** Recorded information follows **
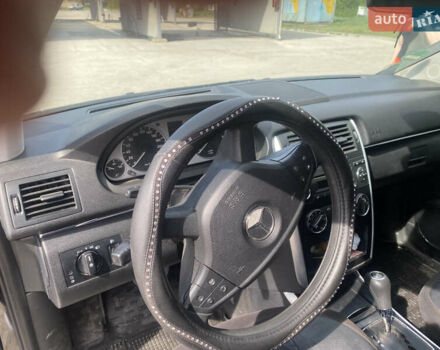 Черный Мерседес Б-класс, объемом двигателя 1.5 л и пробегом 185 тыс. км за 6150 $, фото 2 на Automoto.ua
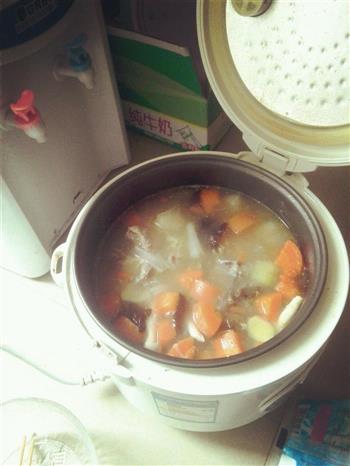冬瓜排骨三鲜汤的做法步骤3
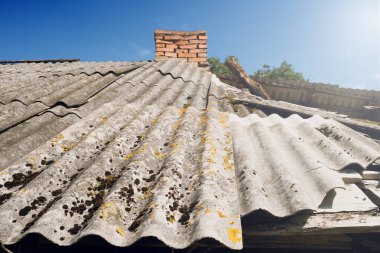 Eski ve çok tehlikeli asbest çatı. Çevrede asbest tozu var. Sağlık sorunları.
** End of Recorded information **
Prompt | What is needed is every line from the one with "冬瓜排骨三鲜汤的做法步骤3" to the final line of the listing above, set down exactly and with the pictures left out.

Task response |
冬瓜排骨三鲜汤的做法步骤3
 Eski ve çok tehlikeli asbest çatı. Çevrede asbest tozu var. Sağlık sorunları.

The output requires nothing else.